Our lunch was in some sort of pseudo pub where my meal was snails and cheese: a true delight.  Though the beer was crap.

Our second cultural visit was to the Marmottan Monet museum which was more difficult to get to than any of the others we had graced with our presence.  It took multiple train changes, wrong ways and much walking before we finally gained the doors of the imposing edifice which housed the museum.

The ostensible reason for our visit was for Irene to get to see the Berthe Morrisot exhibition housed in the gallery.

I am not sure that I have changed my view of the artist after seeing more of her works in one day than I have seen in the rest of my life – and that includes looking at her work in books!

Her sketches I admire and her work on light tending towards abstraction I found fascinating – who knows what she might have produced if she had lived thirty years longer and gone into her old age with a wildly wielded brush in the same way that Monet expressed himself.

And talking of Monet, I suppose that I might have managed to get a partial view of what the museum might have contained if I had paid more attention to the last part of the museum’s title.

The number and quality of works by Monet in the museum is breath taking.  Here is the painting, “Impression, sunrise” which though a critic’s dismissal gave the name to the whole movement of Impressionism.  


The number and quality of water lily painting reduced me to incoherent delight.  And, much though I remember Herbert Reed’s dismissal of “ardent young snobs working themselves up in front of paintings” I was reduced to tears by the canvases I saw.  I was transported back to my adolescence where I would visit the National Museum of Wales and go straight to the Monets, look at the three canvases of water lilies that the Museum possesses and leave refreshed and happy.

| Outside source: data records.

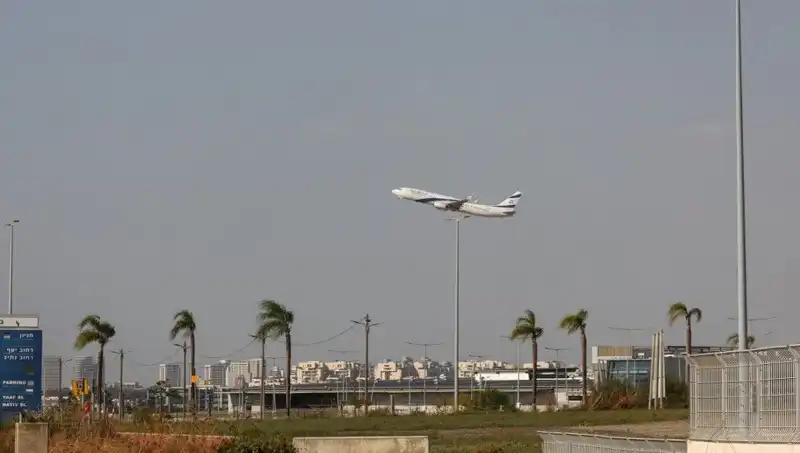 Husiler, İsrail'in Ben Gurion Havalimanı'nı Hedef Alarak Hava Gücünü Zorluyor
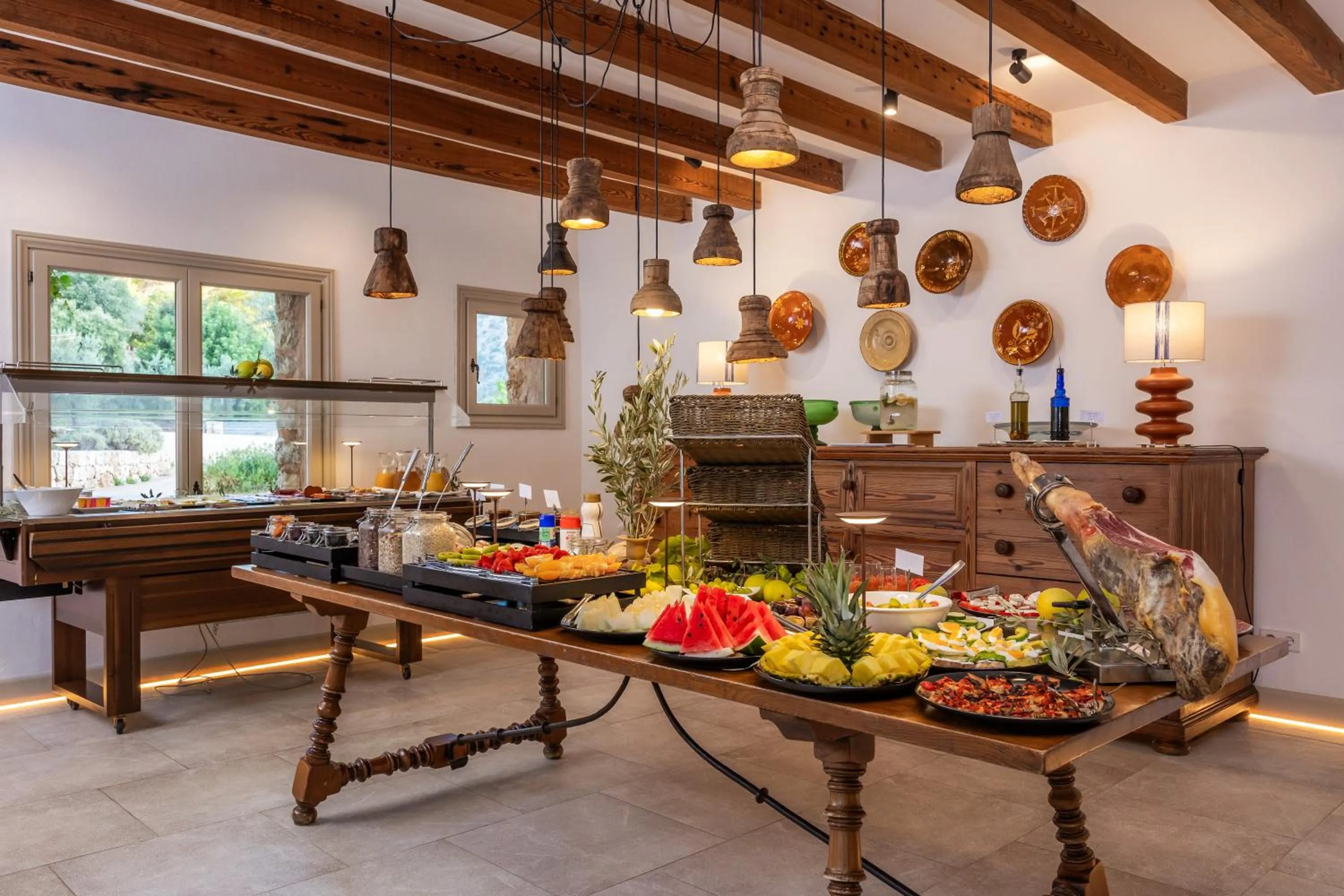 Breakfast in Finca Albellons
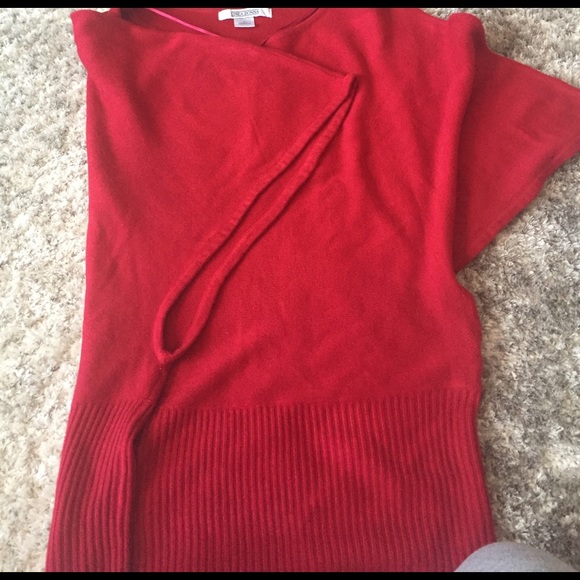 Beautiful Red Sweater 🌹 - Picture 3 of 3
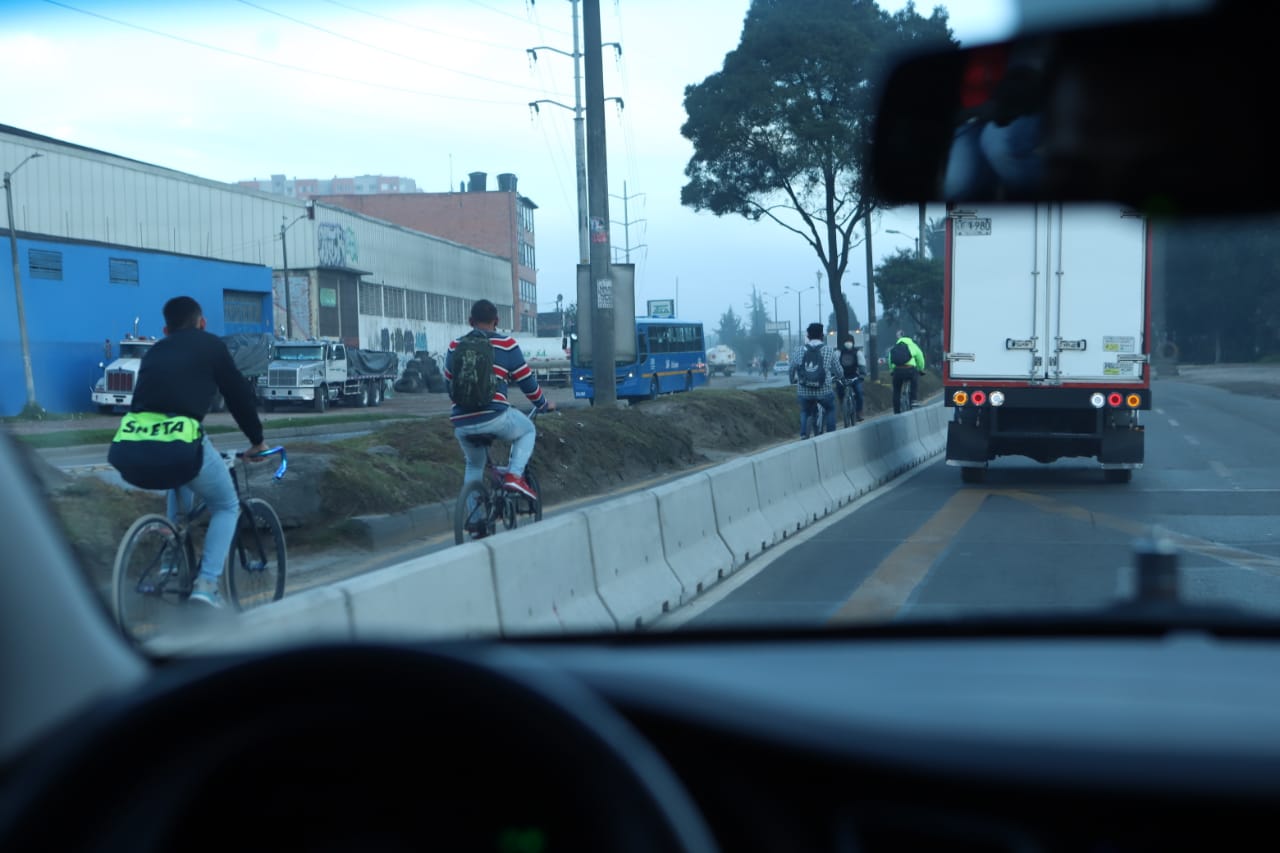 Inicia protesta por parte de conductores contra ciclorruta de Calle 13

I saw my sixth façade of Rouen Cathedral in two days; and anyone who can wander through that magical room in the Marmottan with canvas after canvas of water lilies and views of the garden in Giverney without emotion simply has no soul.

In some ways the best visit to a gallery was this last one.  It is certainly the one which moved me most and I have bought a catalogue so that I can rail against the poor colour reproduction and protest that I need to return to get a “real” view of the paintings.

Although we are both exhausted and frankly relieved that we return to Barcelona tomorrow we both feel that we have been most fully rewarded in our cultural pilgrimage by our last museum.

Our last meal in the obscure area of Paris where we reside was not in the restaurant that has served us well for the last three days but rather in an Italian restaurant where the chef has confronted us each time we have gone to a rival.

In a spirit of adventure we decided to go to the almost empty restaurant and sample his wares.  We were greeted effusively and treated to a “hands on” approach throughout the meal: Irene being a blond especially so!  We were beguiled into accepting all his recommendations under the woefully inadequate impression that we were having a fixed price €17.50 meal with a few extra drinks.

As the final price was €89 you can imagine how much like shorn lambs we felt when we finally manage to escape from the rapacious clutches of the Coptic Christian Egyptian masquerading as an Italian restaurateur.  We have realised that the money that we have gained by the egg not being readily available at breakfast we have now spend on an evening meal.

Tomorrow will, I swear be relaxed – or at least as relaxed as packing to a deadline of midday; getting the hire car back to the airport; buying Toni a present and catching a plane can be.

Will there be egg tomorrow is what the uneasy sleepers in this hotel are asking themselves.

And who cares about the answer.

Saturday, July 07, 2012

A panorama of paintings!


Apart from going up the wrong street and trying to imagine how a restaurant could have been converted into a fairly sleazy looking nightclub before noticing that our destination was on another corner – we had a good night.  The food as before was excellent and the atmosphere was good too.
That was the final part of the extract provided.